En efecto, no constituye sorpresa el hecho y el lugar de tal aprendizaje, pero sí su cronología. Es bien sabido, y está sobradamente documentado, que en los años sesenta y setenta numerosos oficiales argentinos (y de todos los ejércitos latinoamericanos) recibieron intensa instrucción sobre "lucha antisubversiva" en la Escuela de las Américas (zona norteamericana del Canal de Panamá), y que tal instrucción incluía técnicas de interrogatorio bajo tortura, dentro del aprendizaje de la que se llamó Doctrina de Seguridad Nacional. El hecho de que tales técnicas fueran después enseñadas y practicadas a fondo en el propio territorio argentino por la dictadura de las Juntas entre 1976 y 1983, para transmitirlas a nuevas promociones de especialistas, entra dentro de la lógica de aquellos años, de aquella dictadura, de aquel régimen de terror. Pero ¿cómo justificar esta continuación a la altura de 1986, con la democracia ya establecida en 1983, con el informe de la Conadep ya entregado y publicado en 1984, y con el juicio a las Juntas ya finalizado y sentenciado en 1985, con penas de prisión perpetua para algunos de los acusados, impuestas precisamente porque ordenaron aplicar estos mismos métodos criminales?

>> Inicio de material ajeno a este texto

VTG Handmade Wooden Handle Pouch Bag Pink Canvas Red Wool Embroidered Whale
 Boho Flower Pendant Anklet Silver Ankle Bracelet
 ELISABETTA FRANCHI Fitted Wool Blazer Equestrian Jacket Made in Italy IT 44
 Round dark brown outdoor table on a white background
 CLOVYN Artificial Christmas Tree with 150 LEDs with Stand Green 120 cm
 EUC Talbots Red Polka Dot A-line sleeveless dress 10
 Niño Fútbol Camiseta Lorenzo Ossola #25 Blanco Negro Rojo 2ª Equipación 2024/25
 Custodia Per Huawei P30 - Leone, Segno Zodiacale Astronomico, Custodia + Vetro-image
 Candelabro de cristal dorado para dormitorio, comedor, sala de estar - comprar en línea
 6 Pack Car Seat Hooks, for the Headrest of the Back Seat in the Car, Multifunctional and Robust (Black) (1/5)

Pero las sorpresas y las preguntas de difícil respuesta van bastante más allá, puesto que el Ministerio de Defensa, fuertemente presionado para explicarse sobre el tema, precisa en su comunicado que "esa doctrina de adiestramiento se erradicó definitivamente en 1994". Dato coincidente con la precisión proporcionada por el actual jefe del Ejército, general Roberto Bendini, quien ha admitido que sólo a partir de 1994 la instrucción de estos comandos especiales se ajustó a las exigencias del tercer Convenio de Ginebra sobre el tratamiento debido a los prisioneros. Sorprendente fecha, una vez más, puesto que demuestra que todavía, con posterioridad a esas fotos, aquellas prácticas se prolongaron otros ocho años más (hasta un total de once posteriores a la dictadura), abarcando todo el mandato democrático de Raúl Alfonsín y los cinco primeros años de su sucesor, Carlos Menem. Sorprendente duración de unas prácticas y de una doctrina docente que debieron suprimirse de inmediato, por su evidente carácter anticonstitucional e incompatible con el derecho internacional.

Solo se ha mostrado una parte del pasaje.